Clinical trials of the allogenic gene-edited Chimeric Antigen Receptor (CAR) T-cell therapy targeting CD123, UCART123, for Acute Myeloid Leukemia (AML) patients have been placed on clinical hold by the U.S. Food and Drug Administration (FDA). UCART123 had previously been granted Investigational New Drug approval by the FDA for the treatment of AML which was reported here.
The trials have been halted after the drug manufacturer’s, Cellectis, reported the death of a patient with Blastic Plasmacytoid Dendritic Cell Neoplasm (BPDCN) who was enrolled in the phase I ABC123 study (NCT03203369), which evaluated the safety and clinical activity of UCART123. They also reported about the first AML patient who was enrolled in the phase I AML123 study (NCT03190278), which is also evaluating the safety and clinical activity of UCART123.
The AML patient, a 58-year old woman with 84% Bone Marrow (BM) blasts, was administered 30mg/m2/day fludarabine for 4 days and 1g/m2/day cyclophosphamide for 3 days, as a preconditioning regimen. She was then administered 6.25 x 105 UCART123 cells per kilogram without complication. On day 8, she experienced a grade 2 Cytokine Release Syndrome (CRS), which worsened to grade 3 on day 9 eventually leading to treatment management in intensive care unit on day 11. The patient also experienced a grade 4 capillary leak syndrome at day 9 which she recovered from on day 12.

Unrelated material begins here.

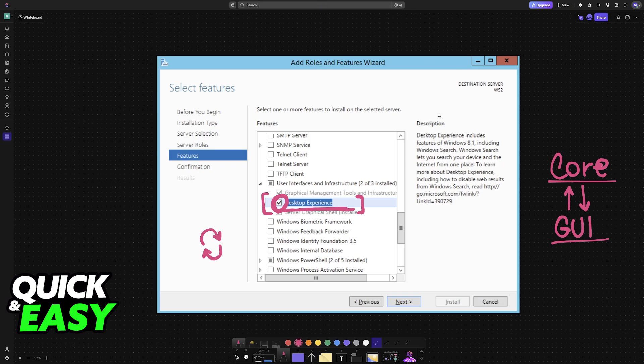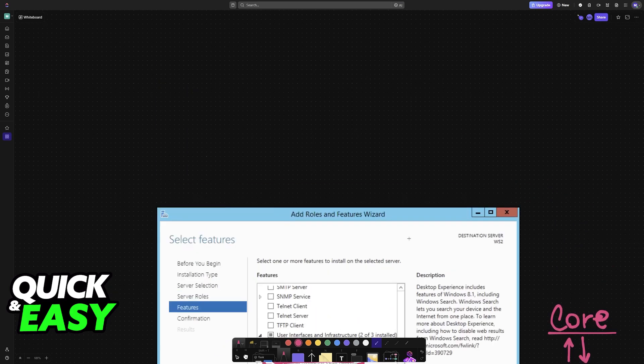If you need a GUI, you must perform a fresh installation of Windows Server 2022, selecting the Server with Desktop Experience option during the installation process. The purpose of this video is not to spread disinformation, but let people be aware that converting one version into the other is not an option anymore.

Consequently, Cellectis, have halted the clinical trials of UCART123 in AML patients and is “working closely with the investigators and the FDA in order to resume the trials” with an adjusted protocol featuring a reduced dose of UCART123. They further added that following a meeting with the Data Safety Monitoring Board on 28th August 2017, 6.25 x 104 UCART123 cells per kilogram was recommended. A total dose of 4g over 3 days of cyclophosphamide was also recommended.